— Task to carry out —
Every line from the one containing "top quality AAA" to the one containing "[Australia] - Simple" in the records below, both included, must be set down exactly, and no other line.

— Data section —

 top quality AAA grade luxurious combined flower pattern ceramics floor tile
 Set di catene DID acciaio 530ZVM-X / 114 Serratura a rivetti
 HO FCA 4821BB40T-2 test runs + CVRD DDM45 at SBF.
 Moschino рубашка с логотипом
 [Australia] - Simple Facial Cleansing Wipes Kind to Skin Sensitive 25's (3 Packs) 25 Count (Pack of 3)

==

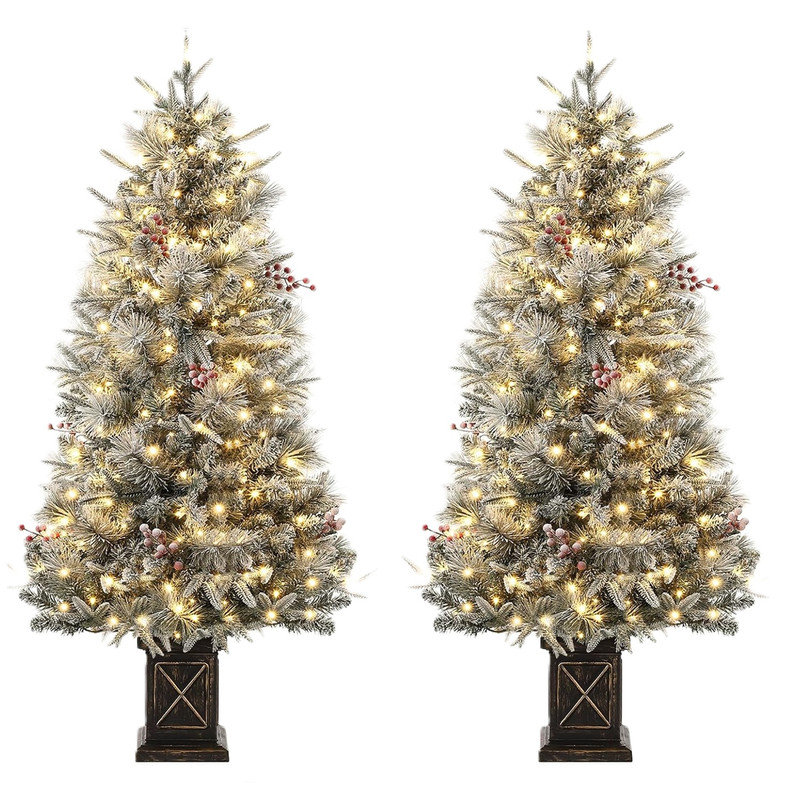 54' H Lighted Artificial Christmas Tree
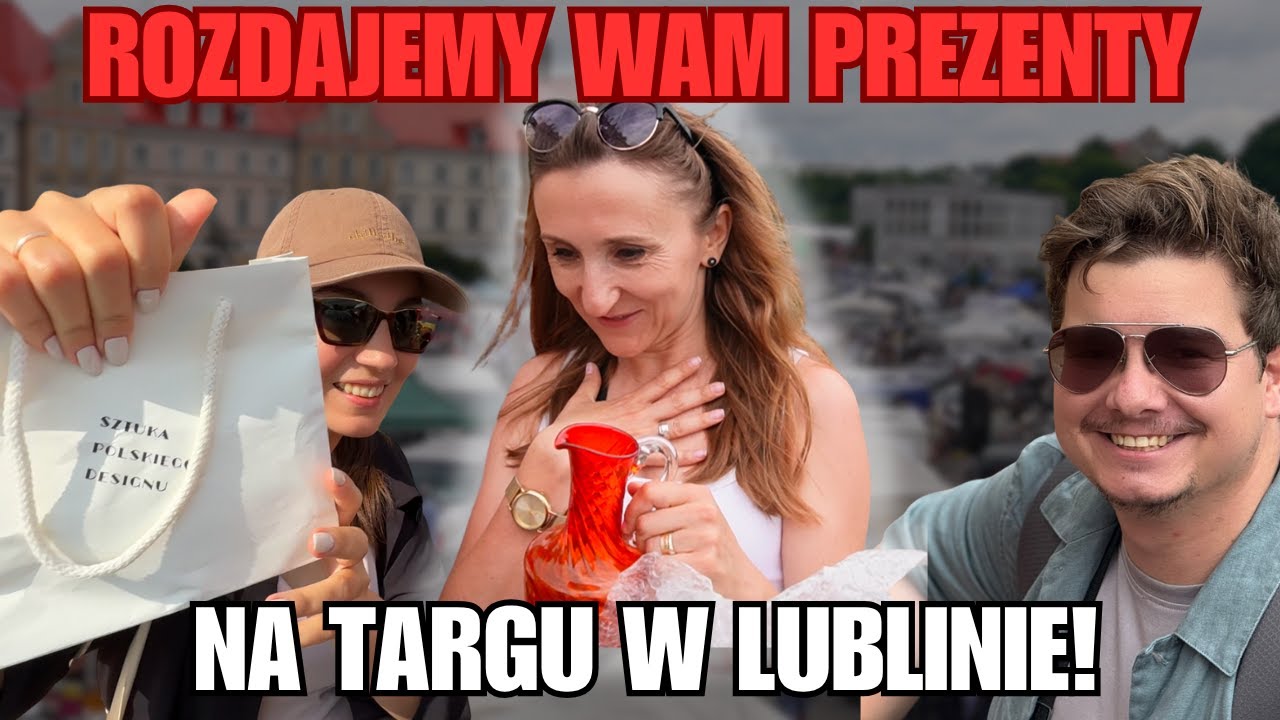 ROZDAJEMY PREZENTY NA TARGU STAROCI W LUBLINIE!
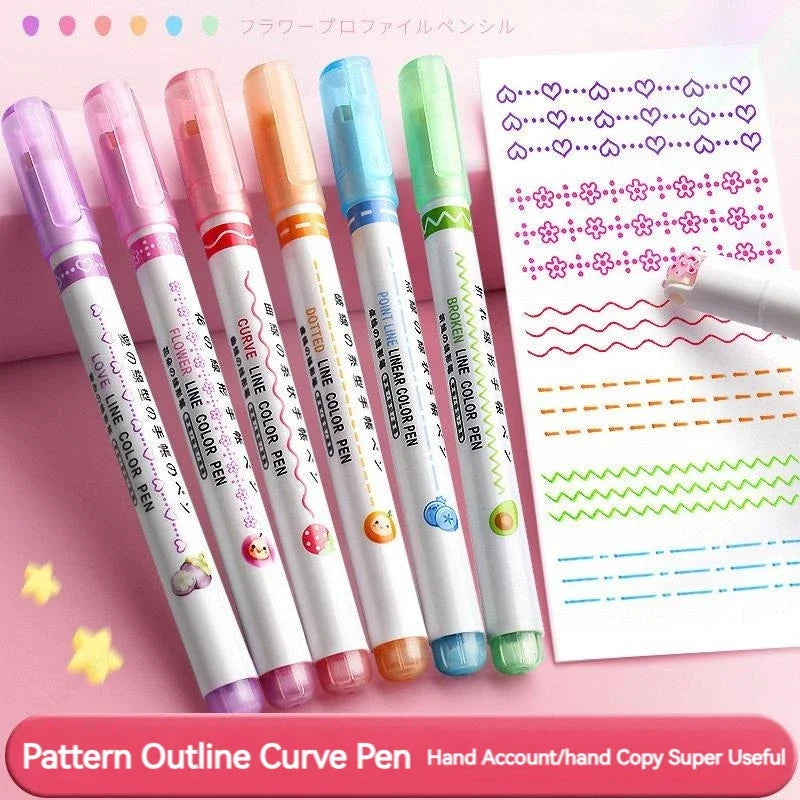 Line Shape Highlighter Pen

---

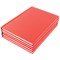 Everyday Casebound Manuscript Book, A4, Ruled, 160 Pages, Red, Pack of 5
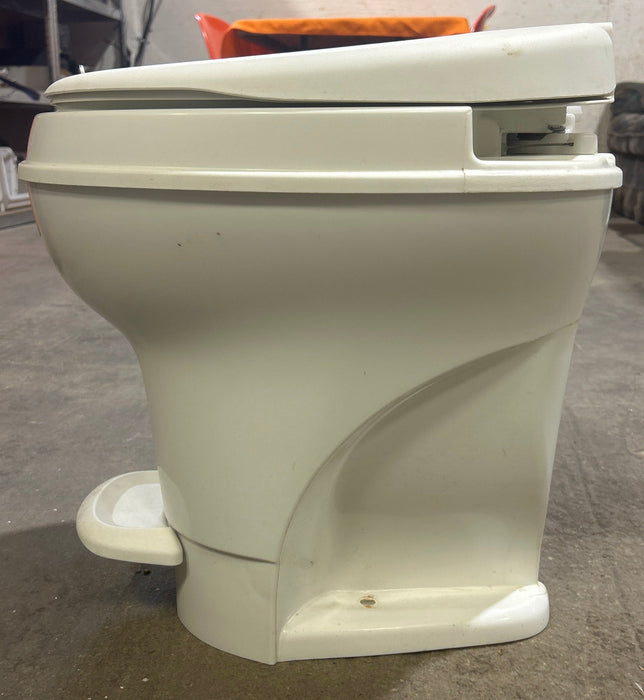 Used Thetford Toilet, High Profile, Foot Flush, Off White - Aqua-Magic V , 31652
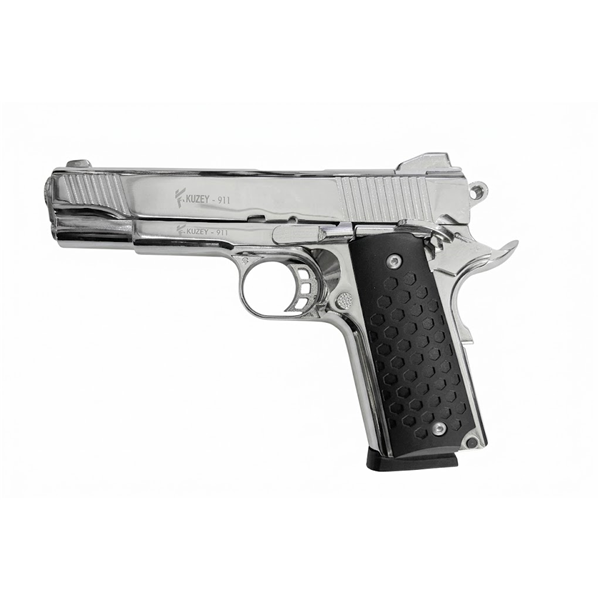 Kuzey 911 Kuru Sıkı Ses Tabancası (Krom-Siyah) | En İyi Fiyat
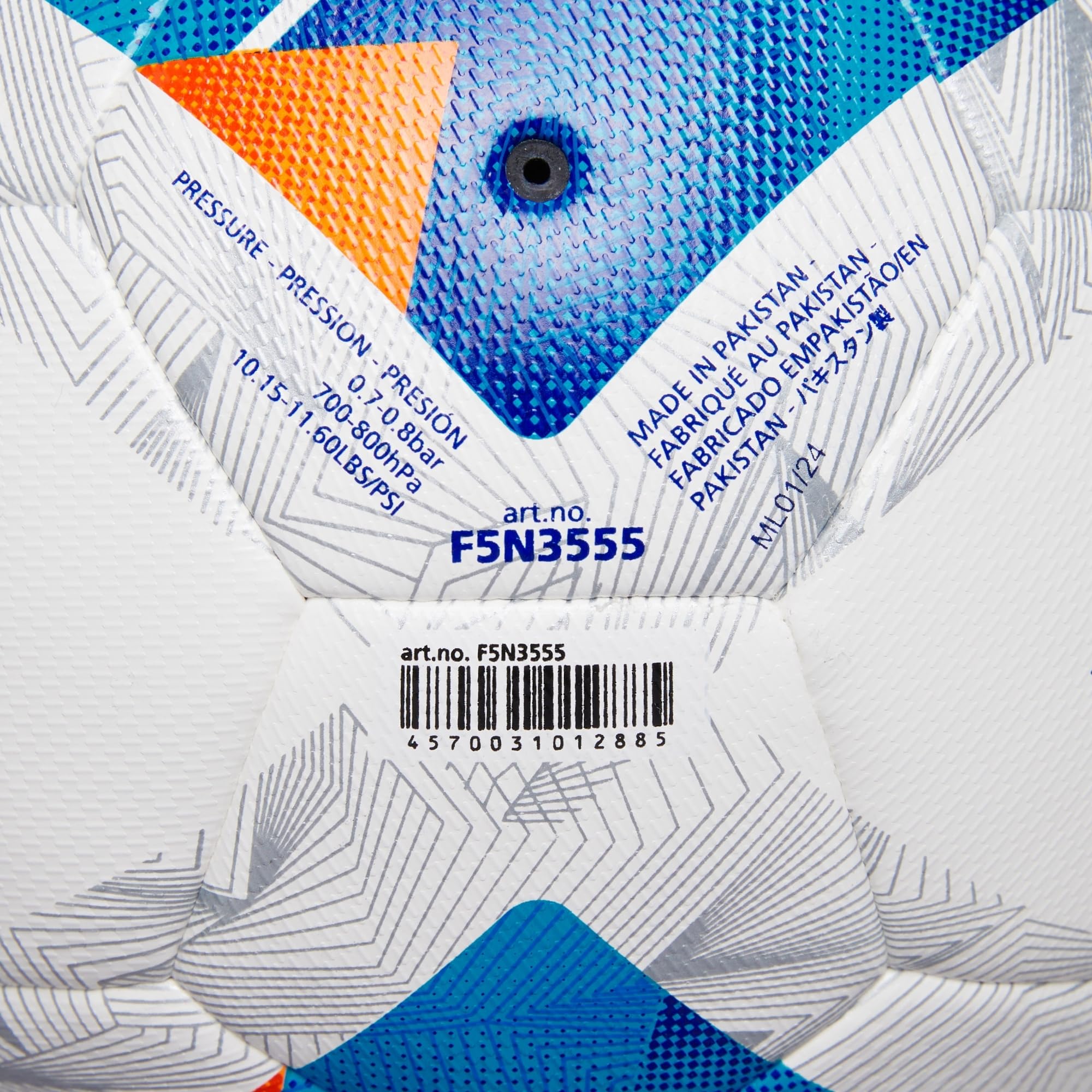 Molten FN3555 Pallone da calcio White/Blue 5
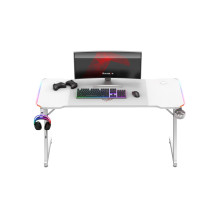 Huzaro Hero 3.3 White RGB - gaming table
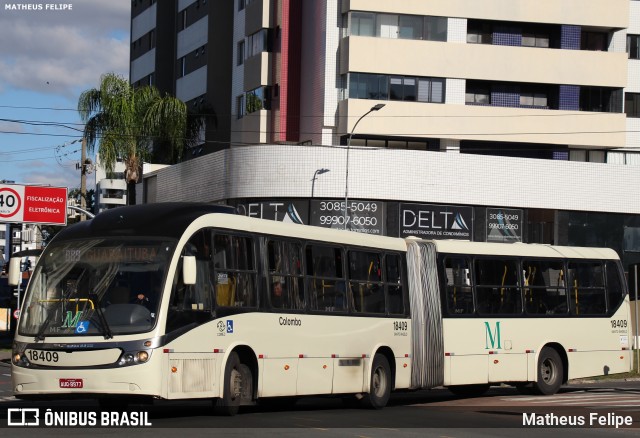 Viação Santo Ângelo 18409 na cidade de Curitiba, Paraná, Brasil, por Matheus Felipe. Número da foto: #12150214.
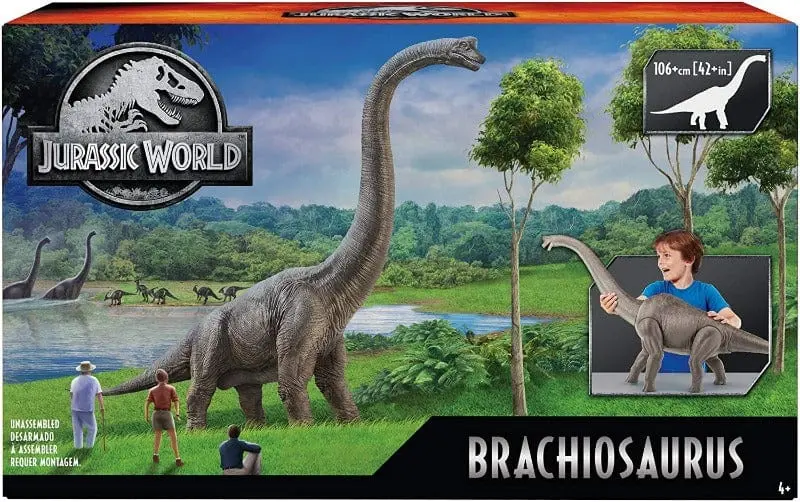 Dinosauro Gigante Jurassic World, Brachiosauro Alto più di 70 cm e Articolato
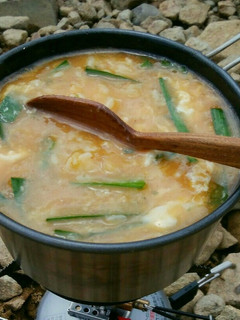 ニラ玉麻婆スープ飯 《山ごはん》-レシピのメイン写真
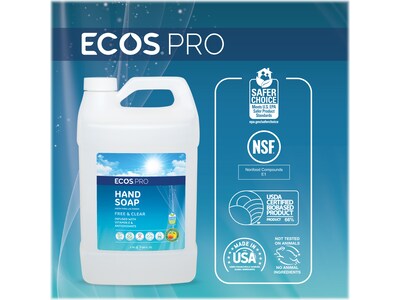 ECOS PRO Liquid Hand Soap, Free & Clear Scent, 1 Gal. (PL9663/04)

— Your response —
 top quality AAA grade luxurious combined flower pattern ceramics floor tile
 Set di catene DID acciaio 530ZVM-X / 114 Serratura a rivetti
 HO FCA 4821BB40T-2 test runs + CVRD DDM45 at SBF.
 Moschino рубашка с логотипом
 [Australia] - Simple Facial Cleansing Wipes Kind to Skin Sensitive 25's (3 Packs) 25 Count (Pack of 3)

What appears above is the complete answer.